17. Mosher had been a member of the Daybreak Boys gang in the Five Points area of New York City while in his 20s.
18. Benjamin Franklin's office was sent a picture of Charley Ross, and they tried to help track down Mosher.
19. William had gone to school as a child, and according to his brother Gil, he liked to read, and had tried to write a novel 'some 10 years before.'
20. He got married and his wife had a baby (it is unclear whether this was Martha or if he had been married before, although nothing I have read indicated that there had ever been another wife). The little boy died, and they didn't have enough money for a funeral, so they buried his bones in the wall of the saloon that they owned at the time in New York City.

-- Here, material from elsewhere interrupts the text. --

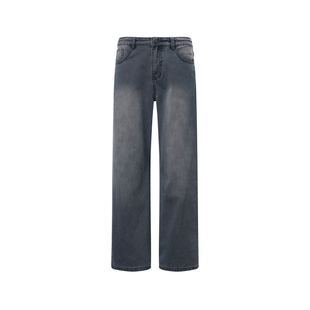 ISTURE美式复古水洗磨白牛仔裤男女宽松简约做旧休闲直筒长裤潮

21. Mosher had briefly obtained a job as a deputy marshall with Douglas, his accomplice in the kidnapping, but they were relieved of their duties after shooting a man 'unlawfully'.

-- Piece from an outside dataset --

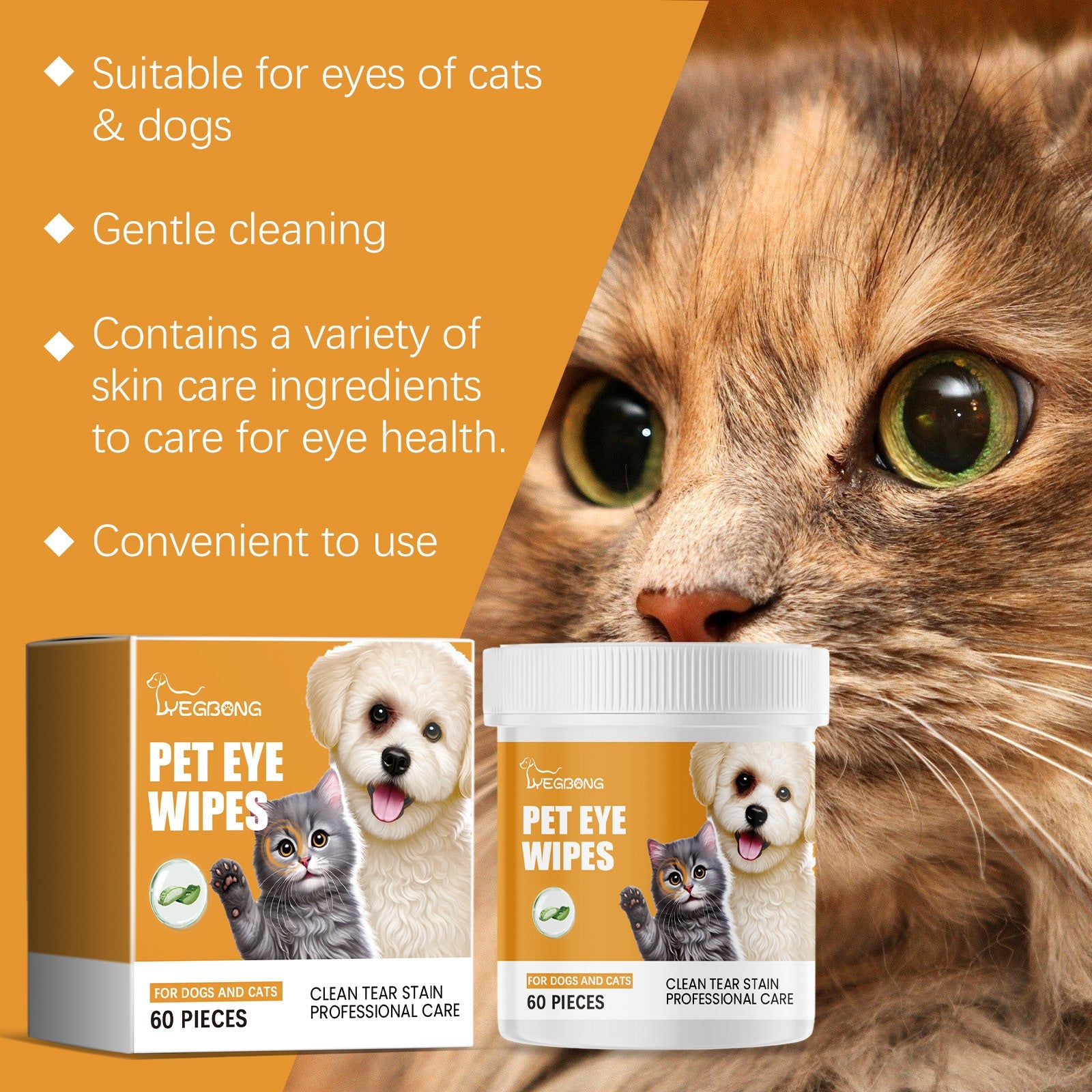 Pet Eye Cleaning Wipes: Tear Stain Remover for Dogs & Cats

22. There is an entry for his gravestone on FindAGrave.com. It includes what appears to be the excerpt of a newspaper article, and states that he was 53 at the time of his death on December 14, 1874.
23. He was married in 1848. I was not able to determine if this was his marriage to Martha, or a previous marriage.
24. I was not able to find his parents' names.
Please let me know if you have been able to find any additional information that I do not have since you posted this original thread.